Please produce an exact transcription of the lines from the one containing "horse photos" through the last line of the entries, leaving out every picture.
"""
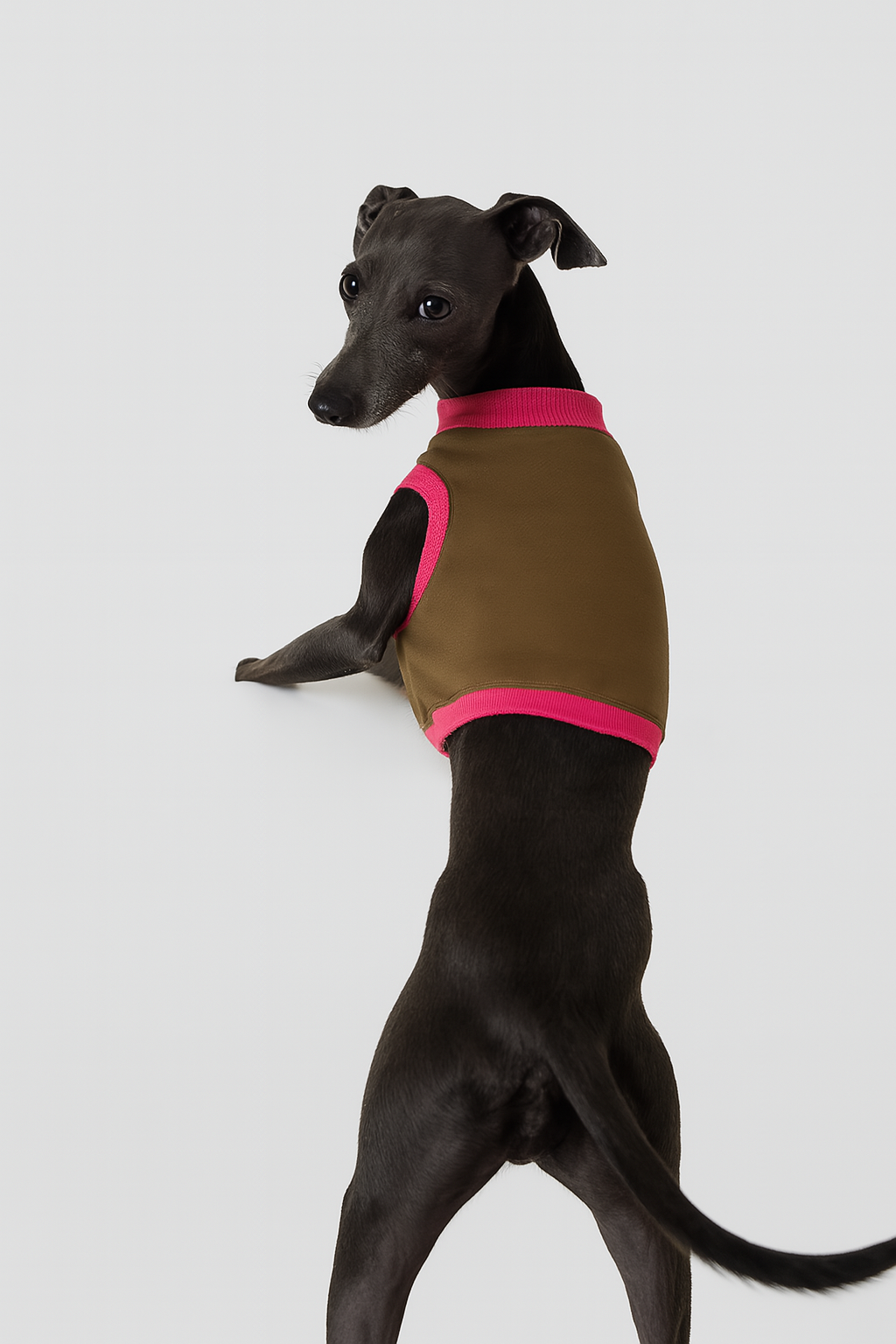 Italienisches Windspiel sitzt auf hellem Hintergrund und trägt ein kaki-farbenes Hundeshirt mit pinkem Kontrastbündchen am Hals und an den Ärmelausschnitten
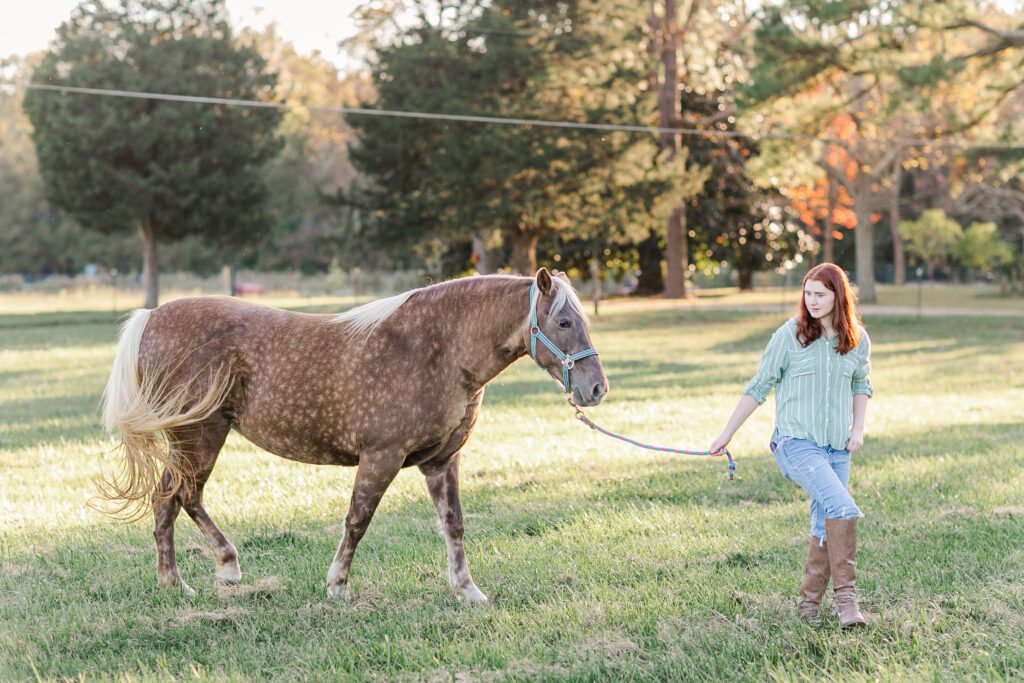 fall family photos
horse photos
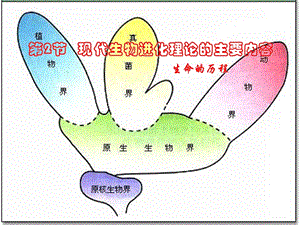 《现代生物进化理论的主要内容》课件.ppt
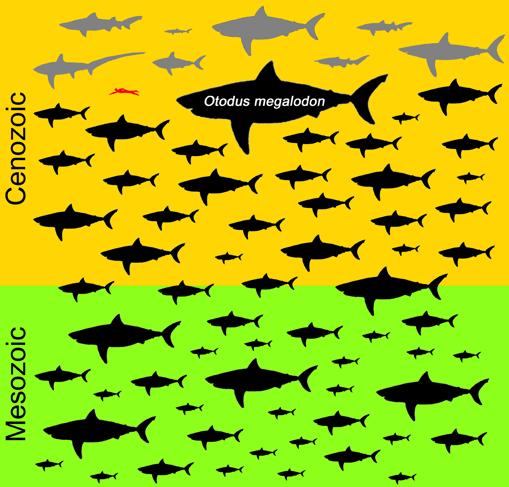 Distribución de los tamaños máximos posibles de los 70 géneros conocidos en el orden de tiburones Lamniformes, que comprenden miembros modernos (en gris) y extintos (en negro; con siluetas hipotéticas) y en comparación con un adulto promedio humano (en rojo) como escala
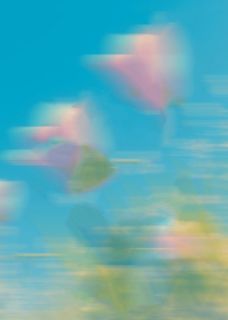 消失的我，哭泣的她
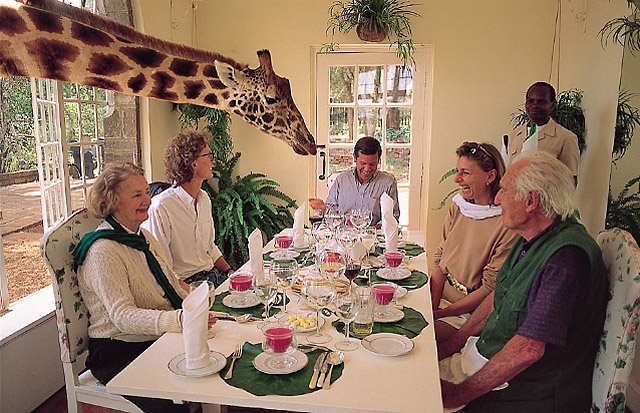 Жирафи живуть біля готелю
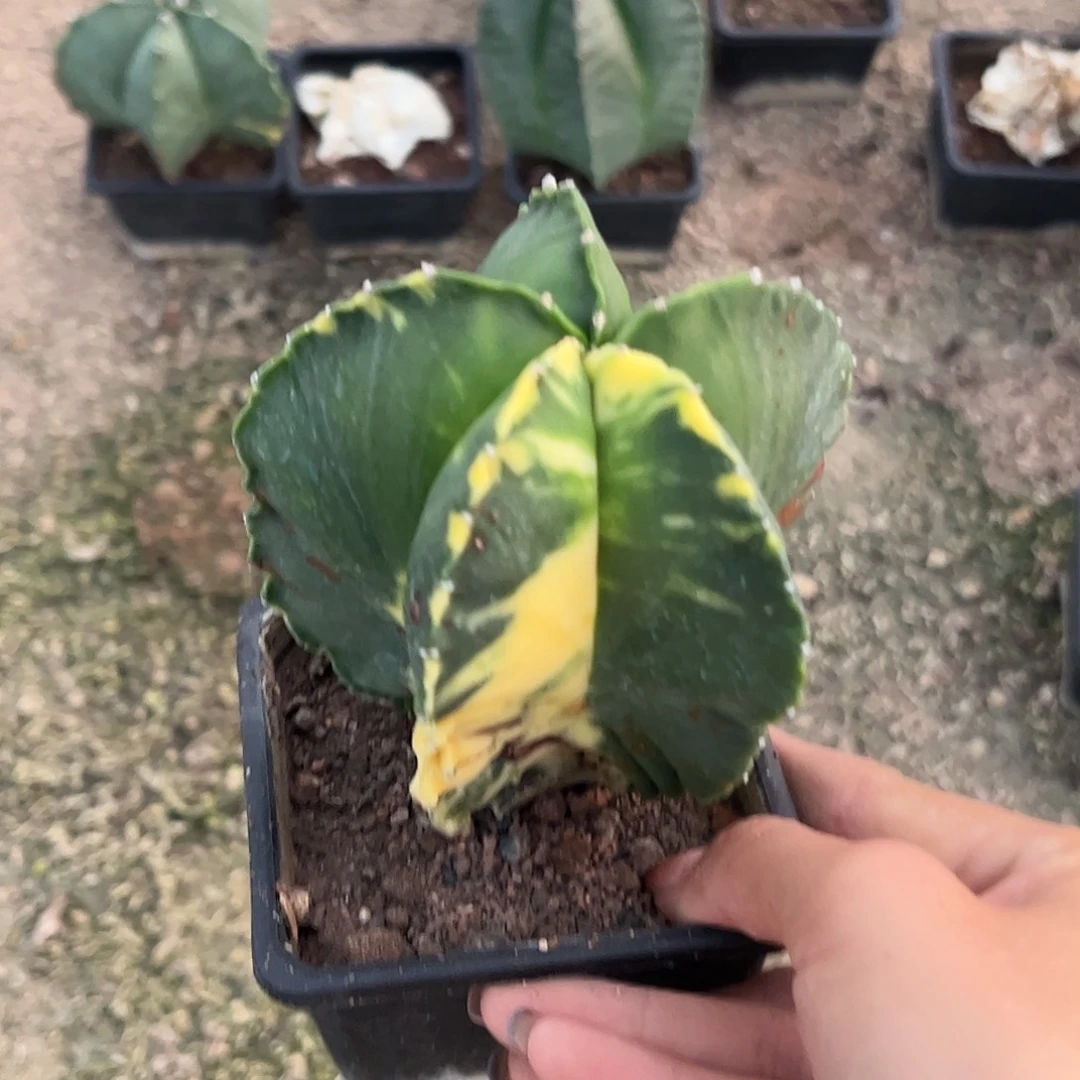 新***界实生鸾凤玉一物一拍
"""
Output for this task ->
horse photos
 《现代生物进化理论的主要内容》课件.ppt
 Distribución de los tamaños máximos posibles de los 70 géneros conocidos en el orden de tiburones Lamniformes, que comprenden miembros modernos (en gris) y extintos (en negro; con siluetas hipotéticas) y en comparación con un adulto promedio humano (en rojo) como escala
 消失的我，哭泣的她
 Жирафи живуть біля готелю
 新***界实生鸾凤玉一物一拍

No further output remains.